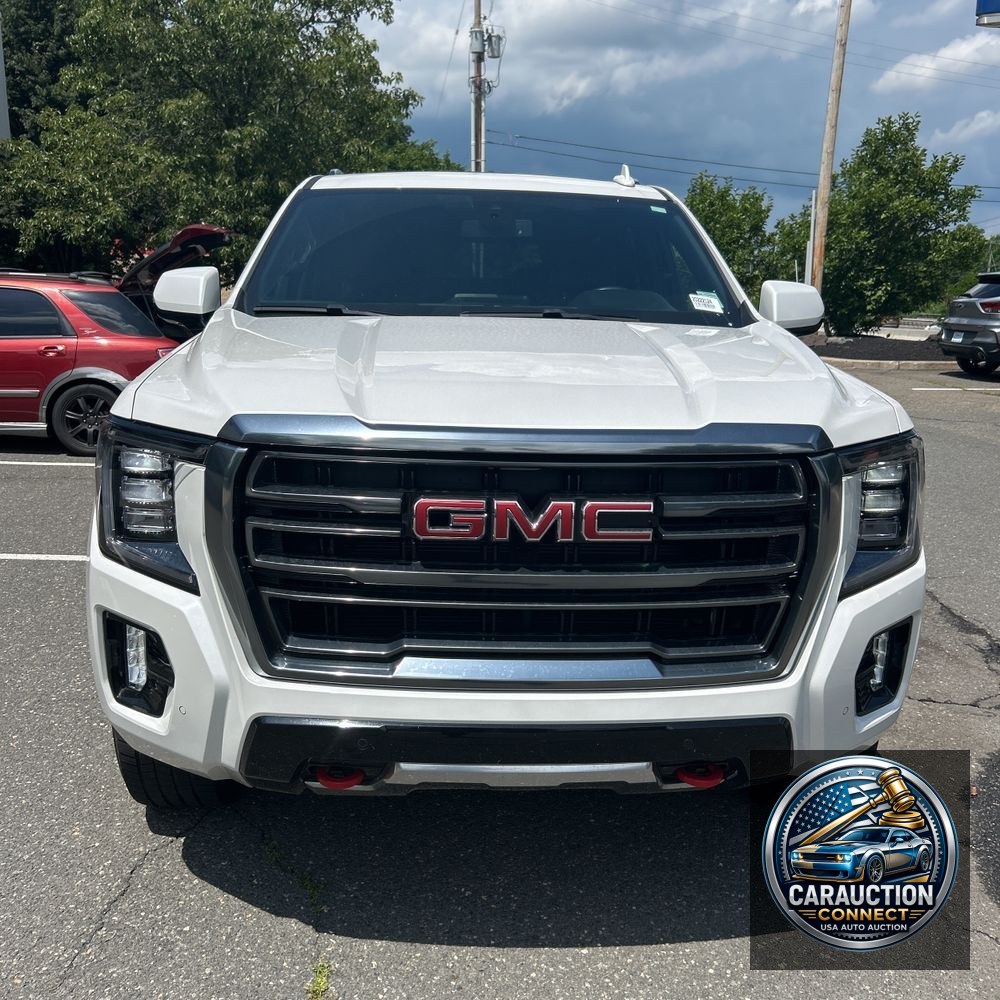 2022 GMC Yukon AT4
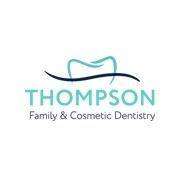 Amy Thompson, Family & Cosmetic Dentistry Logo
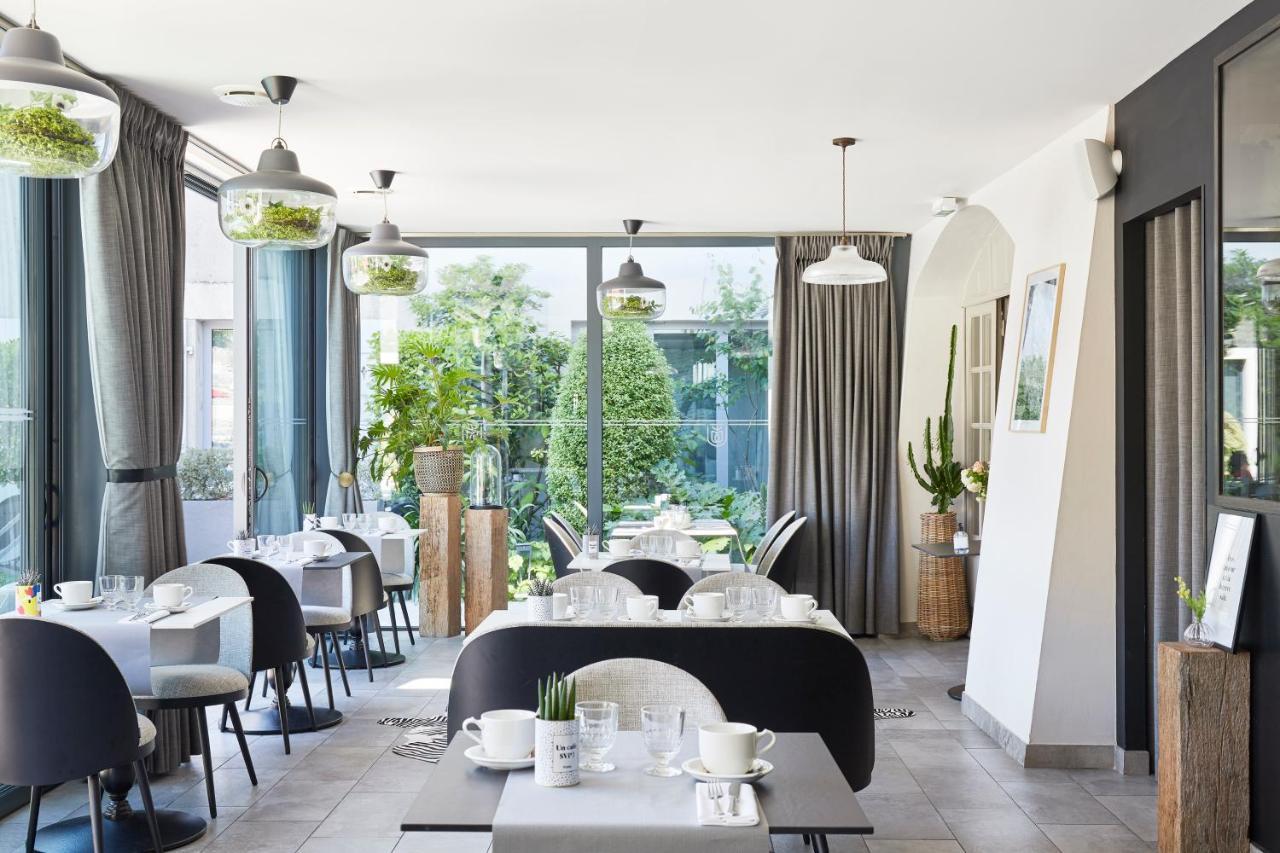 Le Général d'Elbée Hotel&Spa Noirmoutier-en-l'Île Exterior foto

■ About this exercise
Apart from the pictures, every line of the data above should be given again exactly.

■ Finished exercise
 2022 GMC Yukon AT4
 Amy Thompson, Family & Cosmetic Dentistry Logo
 Le Général d'Elbée Hotel&Spa Noirmoutier-en-l'Île Exterior foto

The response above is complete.